[[ SOURCE MATERIAL open ]]
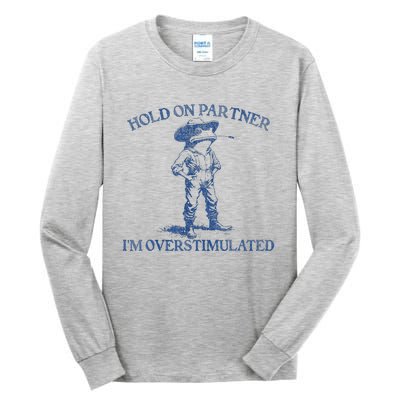 Hold On Partner IM Overstimulated Cow Frog Vintage Tall Long Sleeve T-Shirt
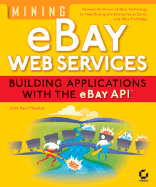 Mining Ebay Web Services: Building Applications with the Ebay API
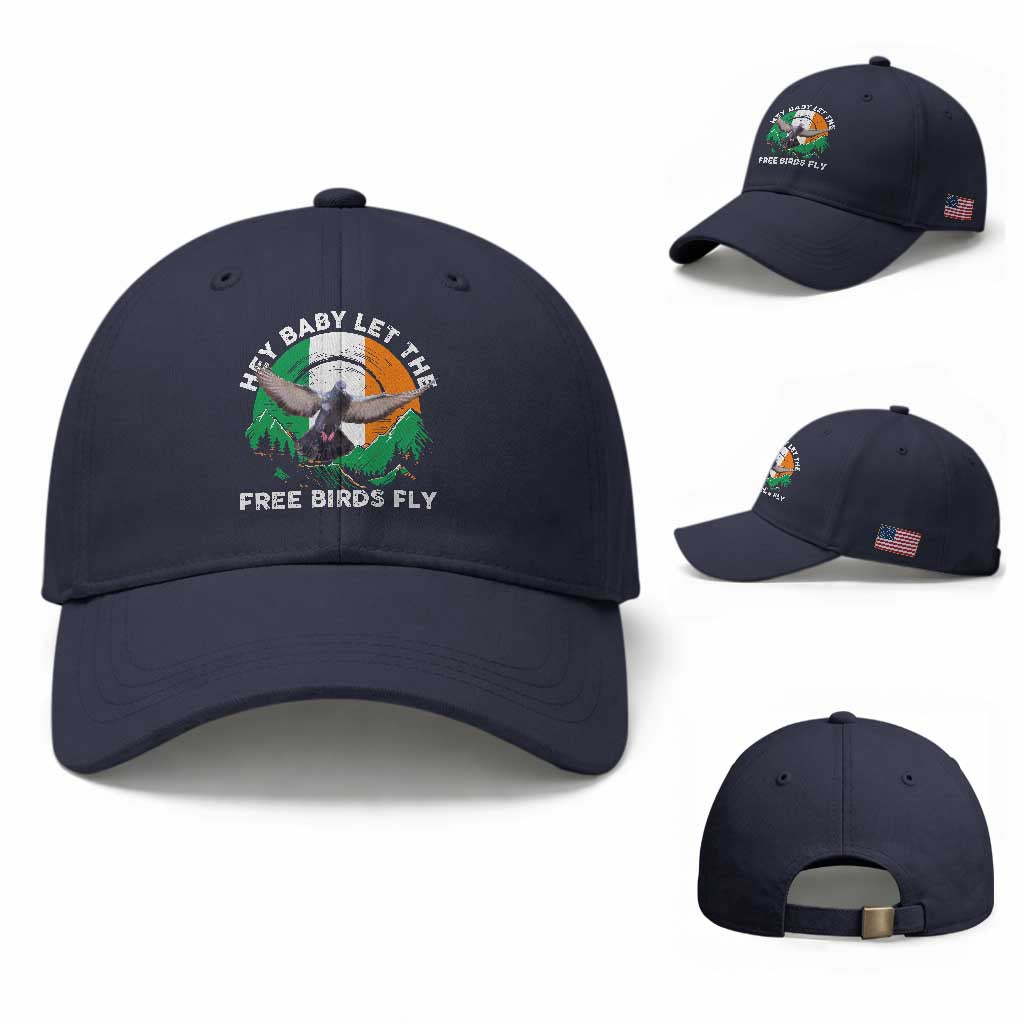Irish Pride Baseball Cap Hey Baby Let The Free Birds Fly Ireland Flag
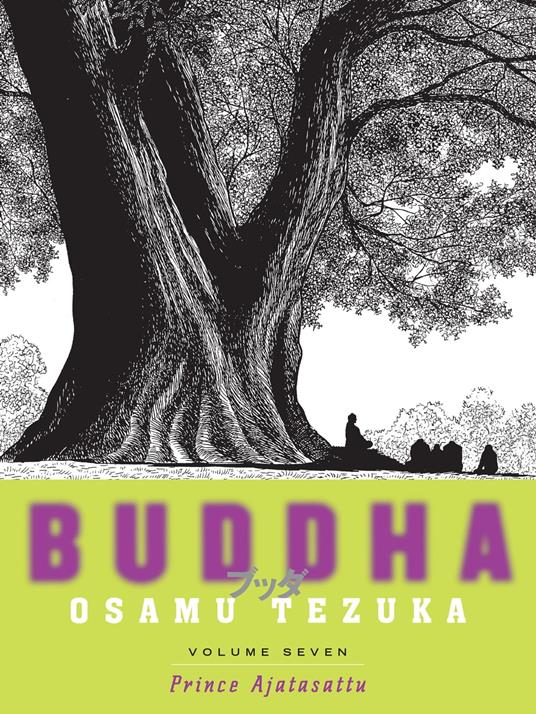 Buddha: Volume 7: Prince Ajatasattu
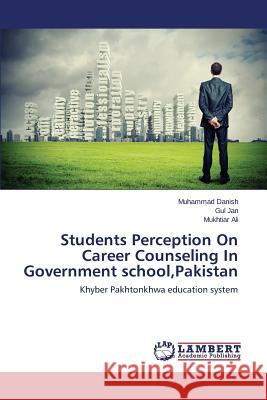 Students Perception On Career Counseling In Government school, Pakistan Danish Muhammad 9783659741753 LAP Lambert Academic Publishing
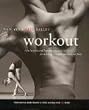 New York City Ballet Workout: Fifty Stretches And Exercises Anyone Can Do For A Strong, Graceful, And Sculpted Body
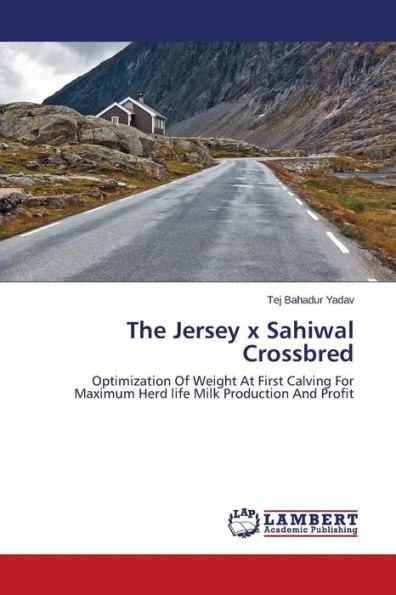 The Jersey X Sahiwal Crossbred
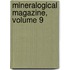 Mineralogical Magazine, Volume 9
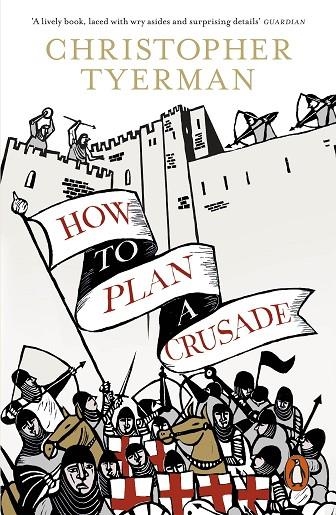 HOW TO PLAN A CRUSADE | 9780241954652 | CHRISTOPHER TYERMAN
[[ SOURCE MATERIAL closed ]]
What is needed is a word-for-word copy of the data above, free of any images.

 Hold On Partner IM Overstimulated Cow Frog Vintage Tall Long Sleeve T-Shirt
 Mining Ebay Web Services: Building Applications with the Ebay API
Irish Pride Baseball Cap Hey Baby Let The Free Birds Fly Ireland Flag
 Buddha: Volume 7: Prince Ajatasattu
 Students Perception On Career Counseling In Government school, Pakistan Danish Muhammad 9783659741753 LAP Lambert Academic Publishing
 New York City Ballet Workout: Fifty Stretches And Exercises Anyone Can Do For A Strong, Graceful, And Sculpted Body
 The Jersey X Sahiwal Crossbred
 Mineralogical Magazine, Volume 9
 HOW TO PLAN A CRUSADE | 9780241954652 | CHRISTOPHER TYERMAN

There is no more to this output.